(Pictures with short captions)

*** Begin section ***

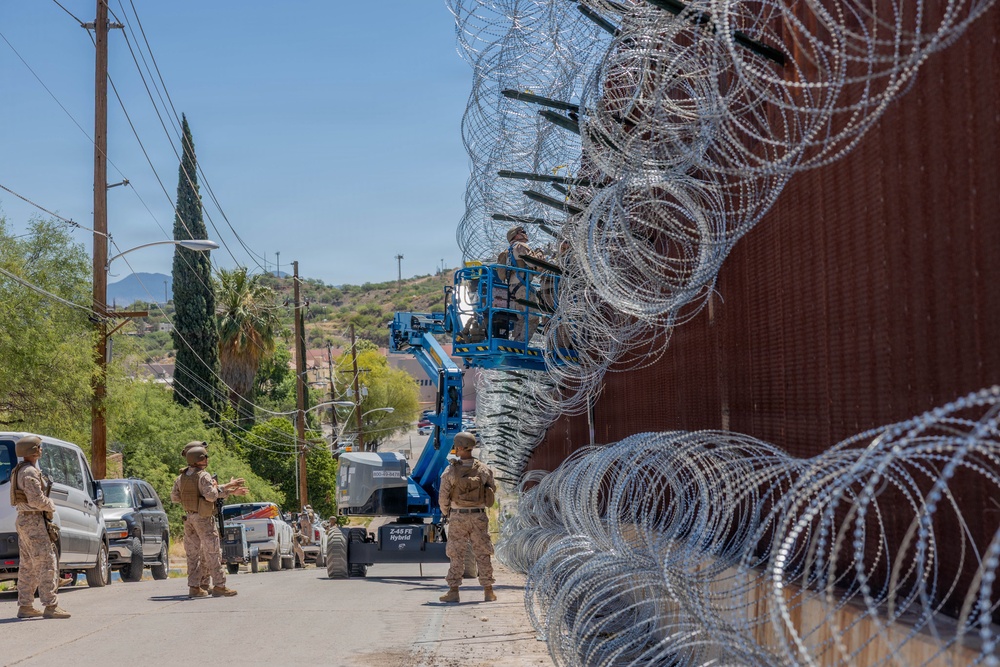 JTF-SB Marines reinforce barrier infrastructure in Nogales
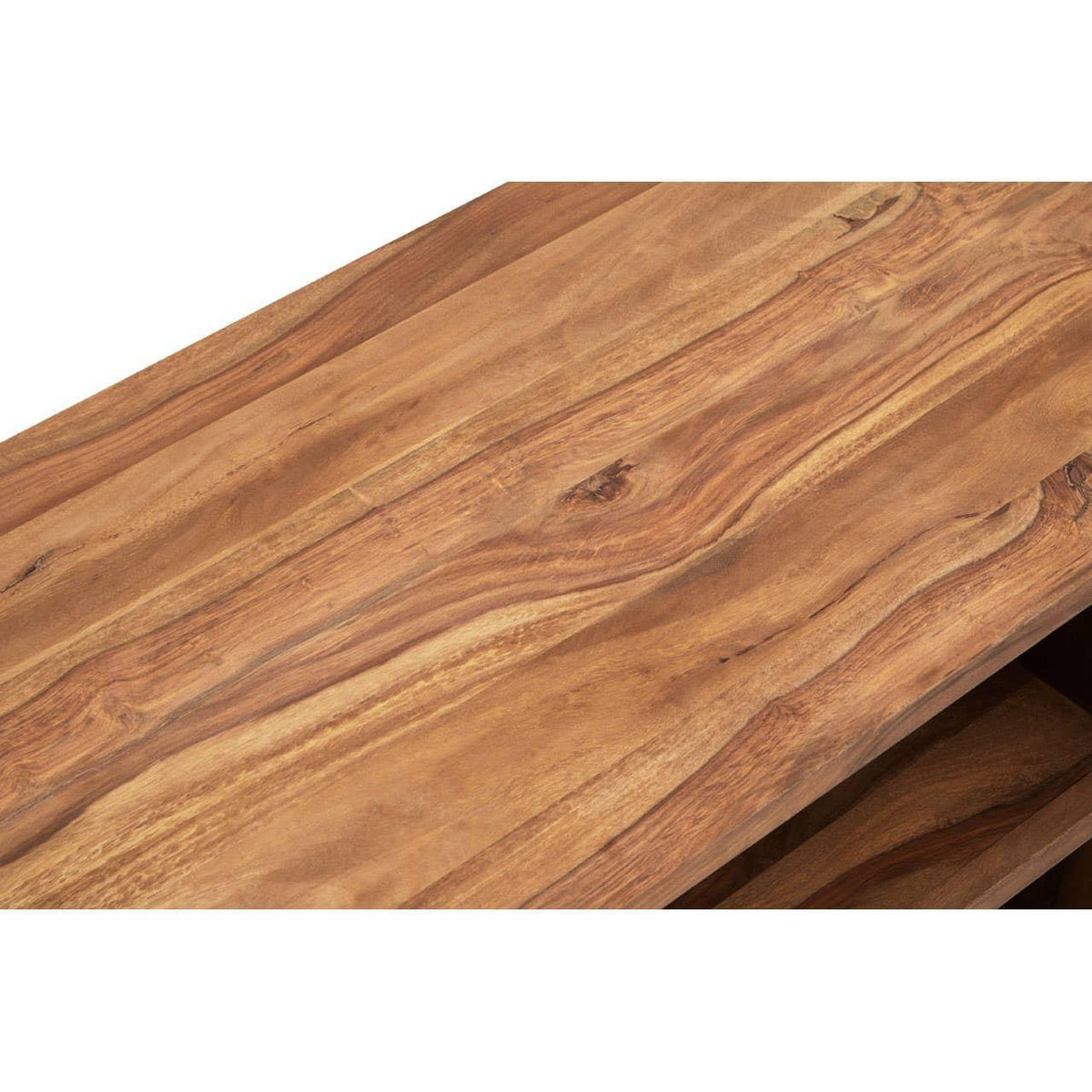 Natural wood coffee table surface with visible grain and smooth finish, close-up view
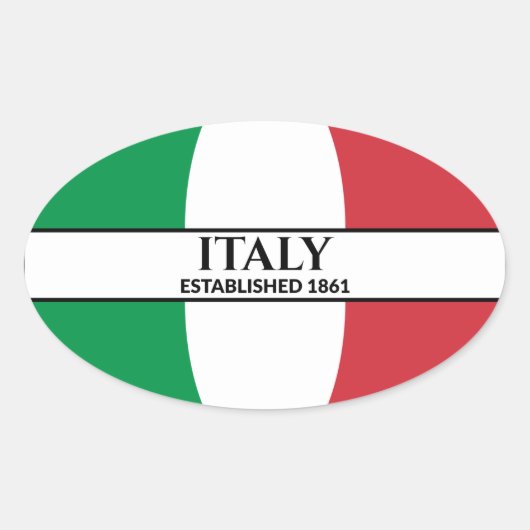 Zwarte tekst Italië Vlag 1861 Ovale Sticker (Voorkant)
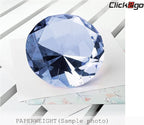 CLICK2GO 3” / 80 mm Light Blue Diamond Shaped Glass Crystal Paperweight – Home Office Decor & Wedding Favors Decoration with Gift Box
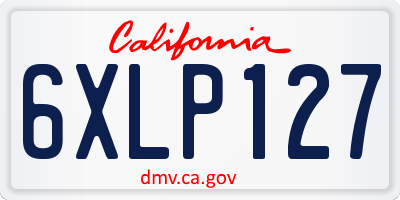 CA license plate 6XLP127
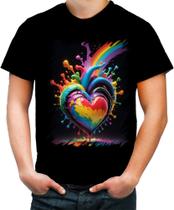 Camiseta Colorida do Orgulho LGBT Coração Amor 7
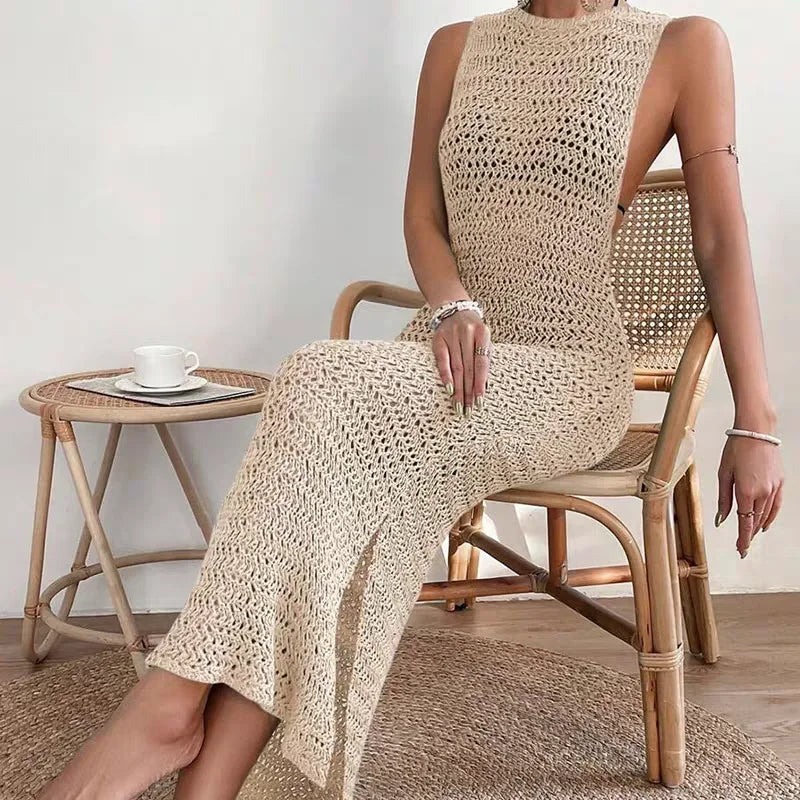 Vestido Longo de Crochê com Decote O - Olívia Fios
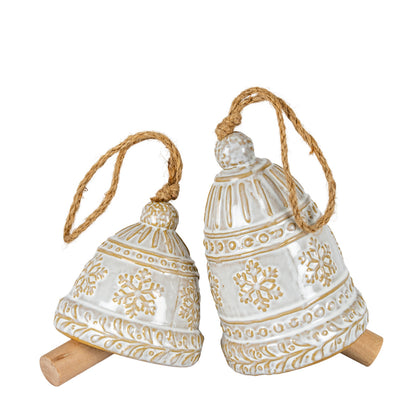 Ceramic Bell Tree Ornament With Snowflake Detail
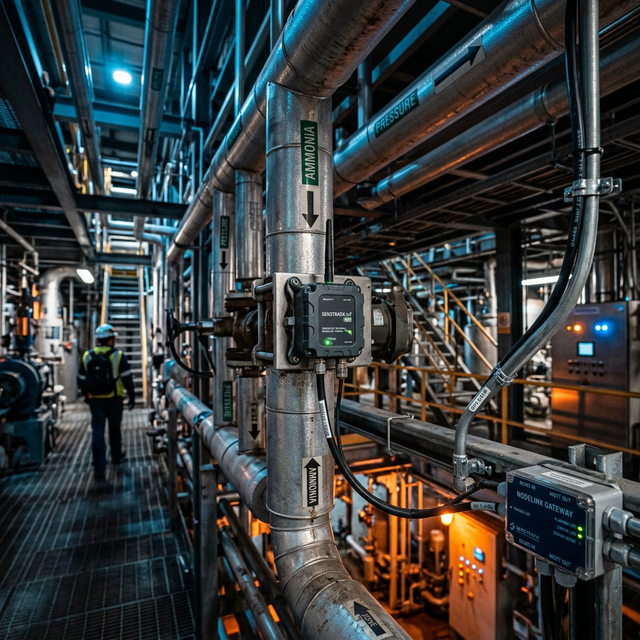 Industrial plant with leak detection sensors on pipelines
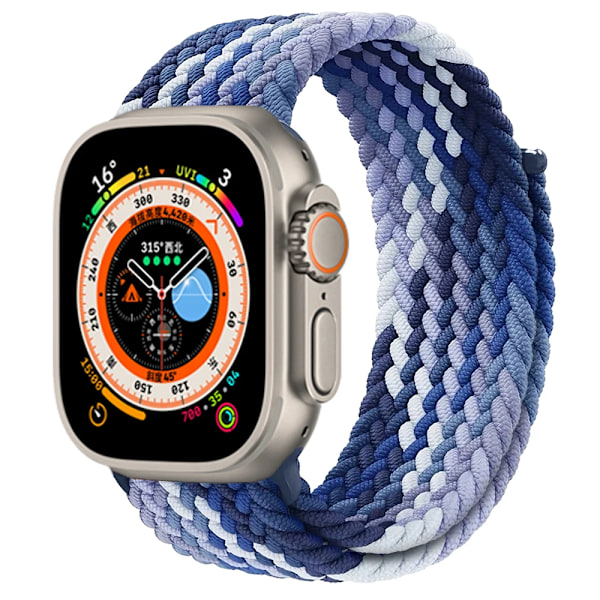Punottu Solo Loop Apple Watch -ranneke 40 mm 44 mm 49 mm 45 mm 41 mm 38 mm 42 mm Elastinen iWatch-ranneke sarjoille 9 8 7 se Ultra 2 Mustikka M-koko
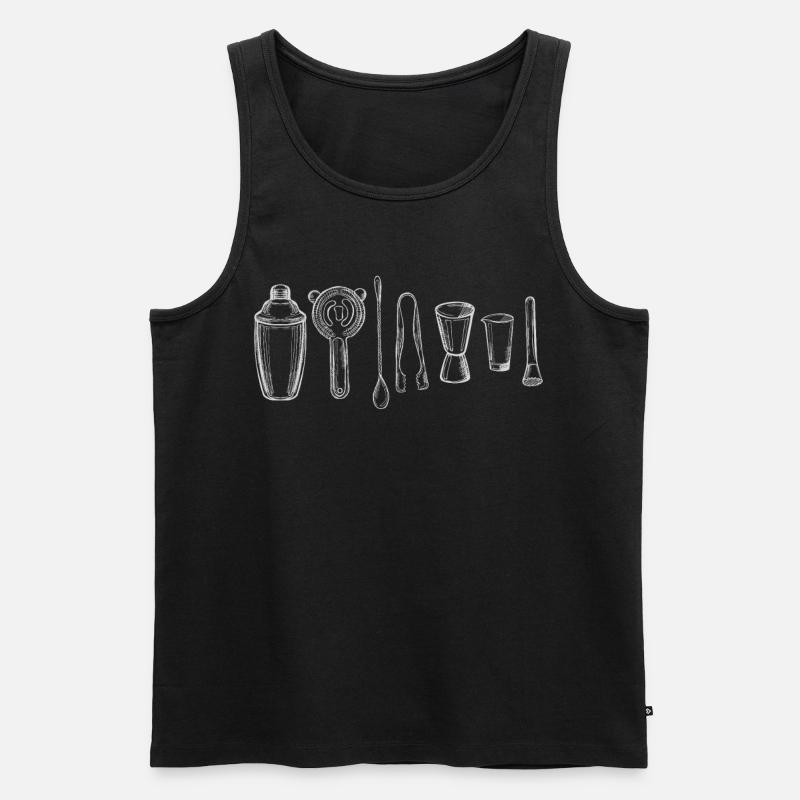 Bartender Mixologist Bartending - Männer Premium Bio Tank Top - Schwarz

*** End section ***

Task goal: Could you set down every entry again exactly as written, leaving out any pictures?

Exercise solution:
 JTF-SB Marines reinforce barrier infrastructure in Nogales
 Natural wood coffee table surface with visible grain and smooth finish, close-up view
 Zwarte tekst Italië Vlag 1861 Ovale Sticker (Voorkant)
 CLICK2GO 3” / 80 mm Light Blue Diamond Shaped Glass Crystal Paperweight – Home Office Decor & Wedding Favors Decoration with Gift Box
 CA license plate 6XLP127
 Camiseta Colorida do Orgulho LGBT Coração Amor 7
 Vestido Longo de Crochê com Decote O - Olívia Fios
 Ceramic Bell Tree Ornament With Snowflake Detail
 Industrial plant with leak detection sensors on pipelines
Punottu Solo Loop Apple Watch -ranneke 40 mm 44 mm 49 mm 45 mm 41 mm 38 mm 42 mm Elastinen iWatch-ranneke sarjoille 9 8 7 se Ultra 2 Mustikka M-koko
 Bartender Mixologist Bartending - Männer Premium Bio Tank Top - Schwarz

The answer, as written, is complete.